### [Instructions to follow]
Print the listing below word for word, but drop any pictures it contains.

### [Data section]
· · · · · · ·
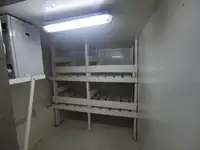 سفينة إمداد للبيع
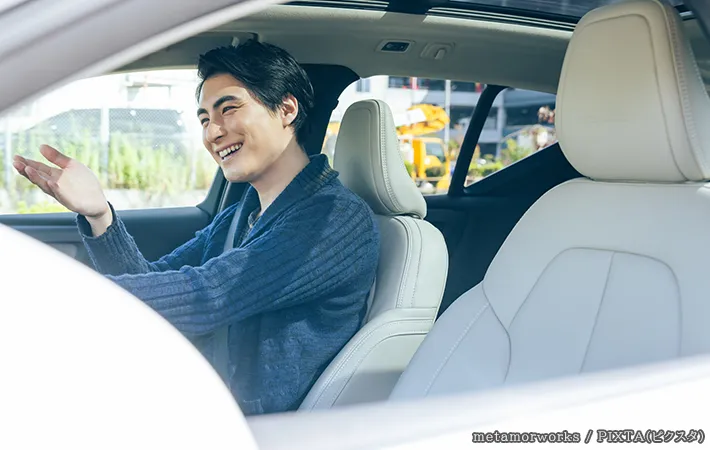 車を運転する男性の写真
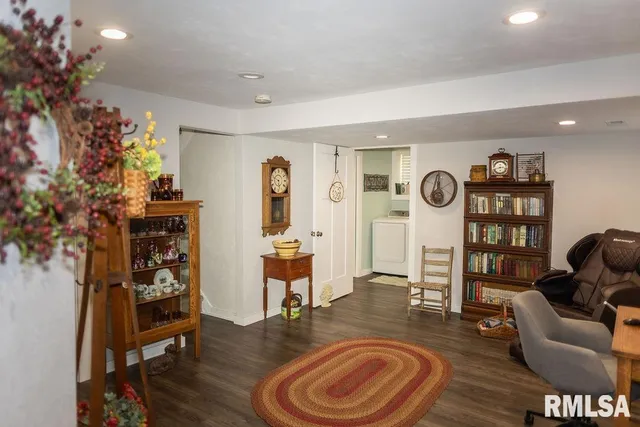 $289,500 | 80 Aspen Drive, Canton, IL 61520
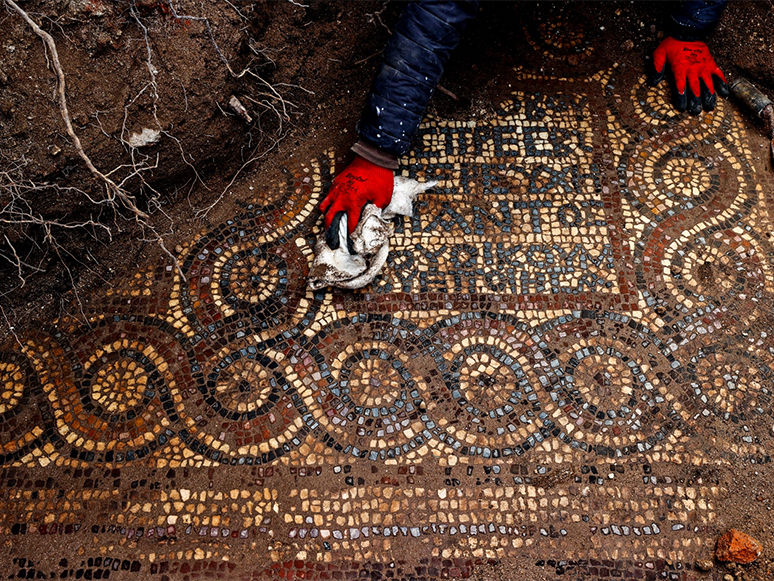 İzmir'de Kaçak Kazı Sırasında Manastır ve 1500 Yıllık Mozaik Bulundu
· · · · · · ·
### [Expected answer]
 سفينة إمداد للبيع
 車を運転する男性の写真
 $289,500 | 80 Aspen Drive, Canton, IL 61520
 İzmir'de Kaçak Kazı Sırasında Manastır ve 1500 Yıllık Mozaik Bulundu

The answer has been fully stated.